Un sovrappeso spesso dovuto ad un consumo eccessivo di cibo spazzatura responsabile di un consumo medio di circa 500 calorie in più al giorno. Nel programma del governo è stata anche introdotta, nelle scuole, l’iniziativa, attraverso un programma sportivo chiamato ‘miglio attivo’, per incoraggiare gli alunni delle scuole a correre almeno 15 minuti ogni giorno per contribuire, anche con il movimento e lo sport, ad una maggiore consapevolezza del proprio corpo volta al Benessere.

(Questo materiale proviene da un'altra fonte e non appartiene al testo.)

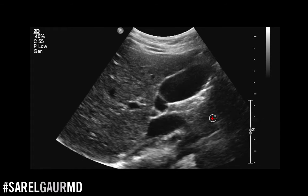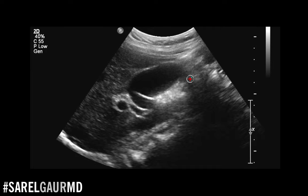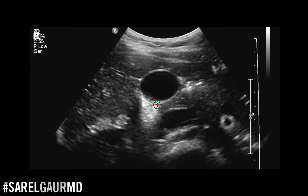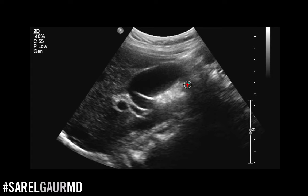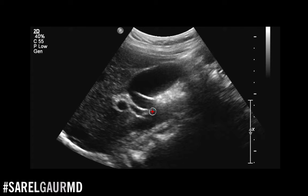How do we image a normal gallbladder on ultrasound? We get two views: a long axis view where the gallbladder appears elongated, and a short axis view where it looks relatively oval. You can see some normal folds of the gallbladder. We're looking at the fundus, the body, the neck, and we try to look at the cystic duct if we can — though we don't typically get a great look at that on ultrasound.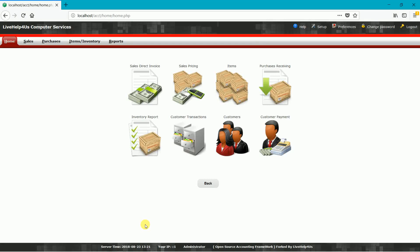Hi, good day again. This is James from LiveHelp for US Computer Services, and today I will teach you how to add a sales kit from your back office. A sales kit is intended for those items that have more than one component — for example, a burger. A burger has more than one component.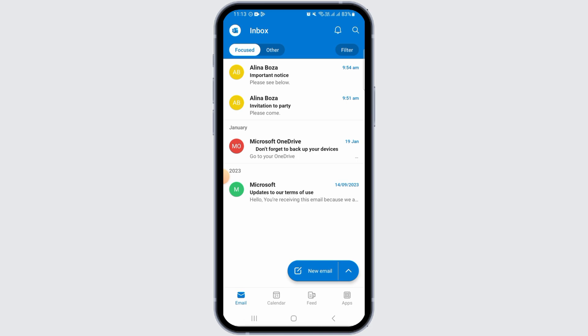Step one is to tap and hold on any email that you want to delete. Once you do that, you're going to find a check mark next to the email you have selected.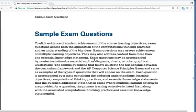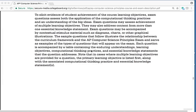Hey guys, we're going to go over the College Board sample exam questions for AP Computer Science Principles. Let's start with the first question.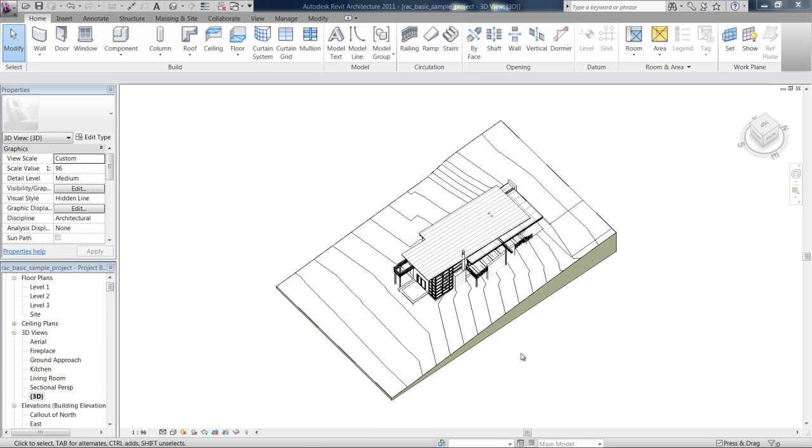In this video we're going to look at navigating around the project with your mouse and what the different mouse buttons and combinations of mouse and keyboard buttons do to navigate you around the project.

L’intento del ministro della Sanità britannico sarà quello di dimezzare, entro il 2030, il numero di bambini obesi.

Obesità infantiIe: i dati in Europa da non sottovalutare

Un bambino su tre in Gran Bretagna è in sovrappeso a rischio obesità. Queste sono le casistiche e i gravi risultati emersi e diffusi, a livello ufficiale, dal Governo.

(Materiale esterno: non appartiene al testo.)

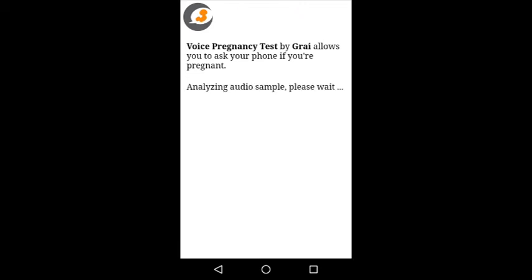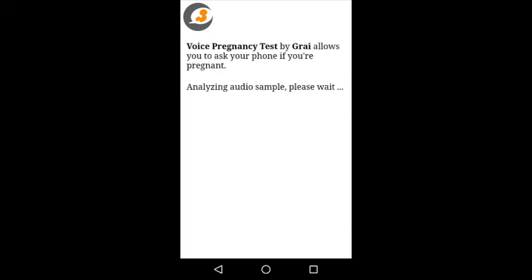And then you see a screen telling you that your voice is currently being analyzed. This can take a couple of seconds. And then it switches to the result, which in my case is that the app says that I'm likely not pregnant, which is actually true because I am on my period.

Risultati che hanno fatto correre, urgentemente, ai ripari attraverso anche l’ausilio dei nuovi divieti nei supermercati. Statisticamente il problema dell’obesità risulta ridotto in Paesi europei come la Grecia, il Portogallo, la Slovenia e l’Italia. Mentre negli altri Paesi il problema è risultato ancora stabile o in via di riduzione come in Irlanda e Spagna. Per quanto riguarda, in particolare, l’Italia i dati risultano tendenzialmente migliorati, anche se la prevalenza di sovrappeso nei bambini tra i 6 e i 9 anni risulta, statisticamente, ancora tra le più alte in Europa. Il lavoro da fare nel nostro Paese, secondo gli specialisti e i pediatri, è ancora parecchio. Il problema diventerebbe ancora maggiore se il prodotto del sovrappeso del bambino è messo in relazione ad un insieme di cause scatenanti come le abitudini alimentari sbagliate che spesso sono associate a scarso movimento e ad uno stile di vita, in generale, sempre meno sano.